Thu, 02/25/2016 - 20:23

In reply to by Sam Hobbs

Hi Sam,

I think it is working now...but will celebrate once I've heard back from...

I followed your advice and only moved and linked the data directory to the HDD. My outputs are as follows:

admin@pi-box:~ $ ls /var/www/owncloud
3rdparty core indie.json public.php themes
apps cron.php l10n remote.php version.php
AUTHORS data lib resources
config db_structure.xml occ robots.txt
console.php index.html ocs settings
COPYING-AGPL index.php ocs-provider status.php
admin@pi-box:~ $ sudo ls /var/www/owncloud/data
admin index.html owncloud.db owncloud.log updater_backup

and...

admin@pi-box:~ $ ls -al /var/www/owncloud
total 180
drwxr-xr-x 13 www-data www-data 4096 Feb 25 19:49 .
drwxr-xr-x 4 www-data www-data 4096 Feb 25 19:14 ..
drwxr-xr-x 28 www-data www-data 4096 Feb 25 19:14 3rdparty
drwxr-xr-x 21 www-data www-data 4096 Feb 25 19:14 apps
-rw-r--r-- 1 www-data www-data 477 Feb 25 19:14 AUTHORS
drwxr-xr-x 2 www-data www-data 4096 Feb 25 19:26 config
-rw-r--r-- 1 www-data www-data 2532 Feb 25 19:14 console.php
-rw-r--r-- 1 www-data www-data 34520 Feb 25 19:14 COPYING-AGPL
drwxr-xr-x 19 www-data www-data 4096 Feb 25 19:14 core
-rw-r--r-- 1 www-data www-data 5418 Feb 25 19:14 cron.php
lrwxrwxrwx 1 root root 23 Feb 25 19:49 data -> /media/owncloudHDD/data
-rw-r--r-- 1 www-data www-data 23886 Feb 25 19:14 db_structure.xml
-rw-r--r-- 1 www-data www-data 2178 Feb 25 19:32 .htaccess
-rw-r--r-- 1 www-data www-data 179 Feb 25 19:14 index.html
-rw-r--r-- 1 www-data www-data 2026 Feb 25 19:14 index.php
-rw-r--r-- 1 www-data www-data 2595 Feb 25 19:14 indie.json
drwxr-xr-x 2 www-data www-data 4096 Feb 25 19:14 l10n
drwxr-xr-x 6 www-data www-data 4096 Feb 25 19:14 lib
-rw-r--r-- 1 www-data www-data 283 Feb 25 19:14 occ
drwxr-xr-x 2 www-data www-data 4096 Feb 25 19:14 ocs
drwxr-xr-x 2 www-data www-data 4096 Feb 25 19:14 ocs-provider
-rw-r--r-- 1 www-data www-data 2969 Feb 25 19:14 public.php
-rw-r--r-- 1 www-data www-data 4521 Feb 25 19:14 remote.php
drwxr-xr-x 3 www-data www-data 4096 Feb 25 19:14 resources
-rw-r--r-- 1 www-data www-data 26 Feb 25 19:14 robots.txt
drwxr-xr-x 13 www-data www-data 4096 Feb 25 19:14 settings
-rw-r--r-- 1 www-data www-data 1817 Feb 25 19:14 status.php
-rw-r--r-- 1 www-data www-data 12 Feb 25 19:14 .tag
drwxr-xr-x 3 www-data www-data 4096 Feb 25 19:14 themes
-rw-r--r-- 1 www-data www-data 163 Feb 25 19:14 .user.ini
-rw-r--r-- 1 www-data www-data 233 Feb 25 19:14 version.php

and my external HDD...

admin@pi-box:~ $ ls -a /media/owncloudHDD
. .. data
admin@pi-box:~ $ sudo ls -a /media/owncloudHDD/data
. admin index.html owncloud.db updater_backup
.. .htaccess .ocdata owncloud.log

I didn't attempt to move the config (yet)...
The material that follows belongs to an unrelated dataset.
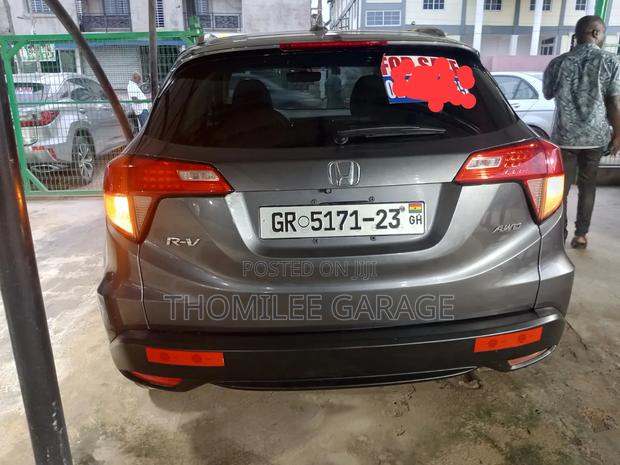 Honda HR-V 4dr SUV (1.5L 4cyl CVT) 2016 Gray
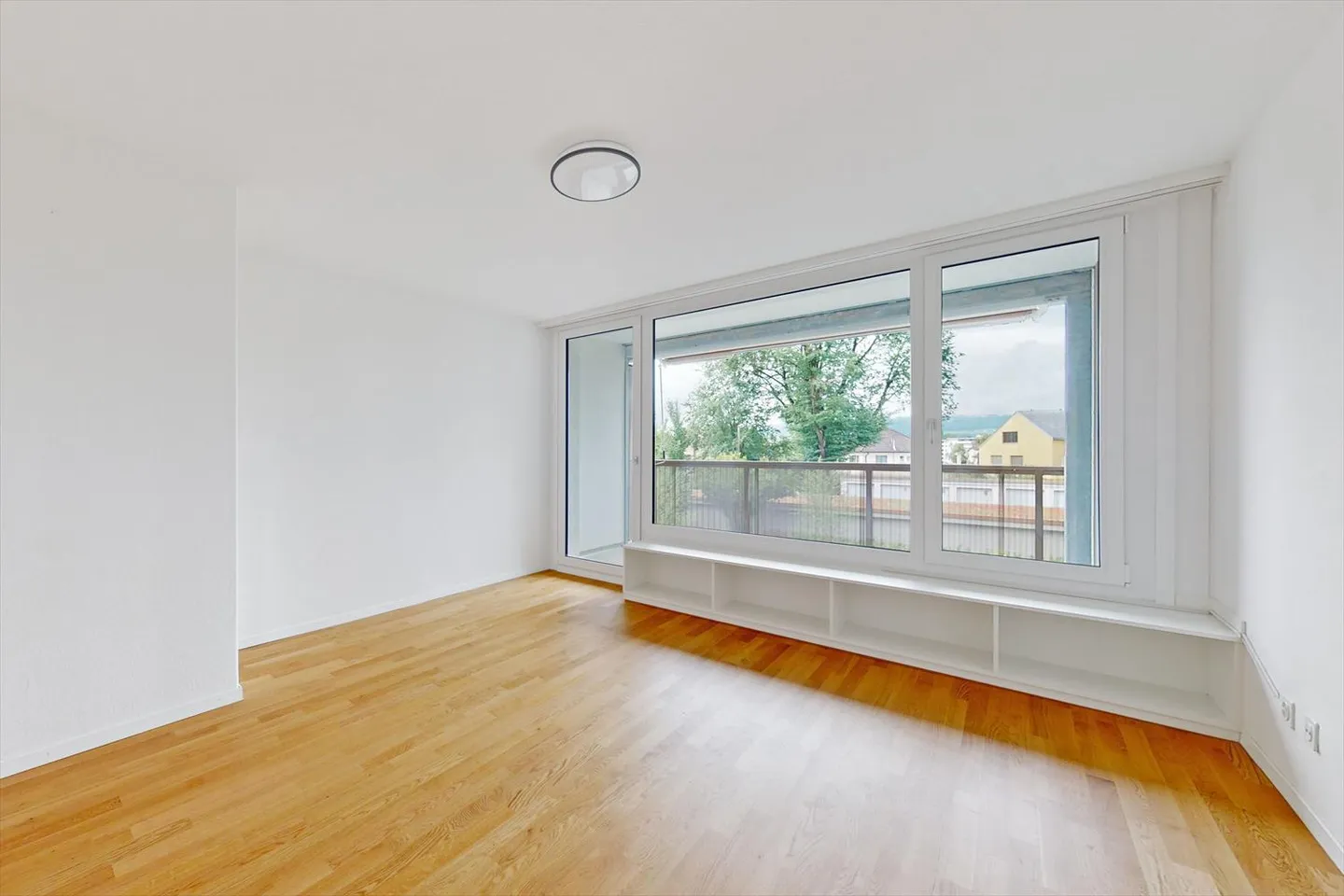 Appartement dans un endroit calme - Photo 2 sur 5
Please advise if this is now, hopefully correct.

Many thanks.

Jo

Looks much better. Can you also list the permissions in your HDD?
ls -al /media/owncloudHDD/data
Don't bother moving the config, I don't think it's necessary. Does owncloud load now in the browser, or do you get the same error? If you still get errors, what's in /var/log/apache2/error.log (or whichever log file is for that virtualhost)? Sam

Hi Sam,

Here's my owncloudHDD permissions:

admin@pi-box:~ $ sudo ls -al /media/owncloudHDD/data
[sudo] password for admin:
total 28
drwxrwx--- 4 www-data www-data 4096 Feb 25 19:32 .
drwxr-xr-x 3 www-data www-data 4096 Feb 25 19:48 ..
drwxr-xr-x 5 www-data www-data 4096 Feb 25 19:59 admin
-rw-r--r-- 1 www-data www-data 284 Feb 25 19:32 .htaccess
-rw-r--r-- 1 www-data www-data 0 Feb 25 19:32 index.html
-rw-r--r-- 1 www-data www-data 0 Feb 25 19:32 .ocdata
-rw-r--r-- 1 www-data www-data 1024 Feb 25 19:26 owncloud.db
-rw-r----- 1 www-data www-data 508 Feb 25 19:32 owncloud.log
drwxr-xr-x 2 www-data www-data 4096 Feb 25 19:32 updater_back

I can view owncloud in a browser on my LAN, but I saw at school today I couldn't access pi-box.co.uk/owncloud from outside the LAN. I thought there may be a clash of some sort because of courseworkresources.com using the same router ip and is where my current email server is on another pi, so I removed the dns A record for courseworkresources.com on namecheap. I'll be moving (creating) the email server on my pi-box domain soon...so I'll also check some other settings for access from outside my LAN.

Regards,

Jo

Jo, Permissions look OK to me! You don't need to remove the old DNS A record (you can have many domains pointing to one IP address - in fact you need to if you want more than one website on different virtualhosts). You might need to update the port forwarding rules for 80 and 443 though, to make sure HTTP and HTTPS traffic is routed to your owncloud Pi. Sam

Hi Sam,

You're right once again! I checked my port forwarding and ensured that http/https is forwarding to the correct raspi (I have too many probably). Checked mac addresses with ifconfig and saw it was pointing to a different raspi - fixed it and also named my port forwards with proper names.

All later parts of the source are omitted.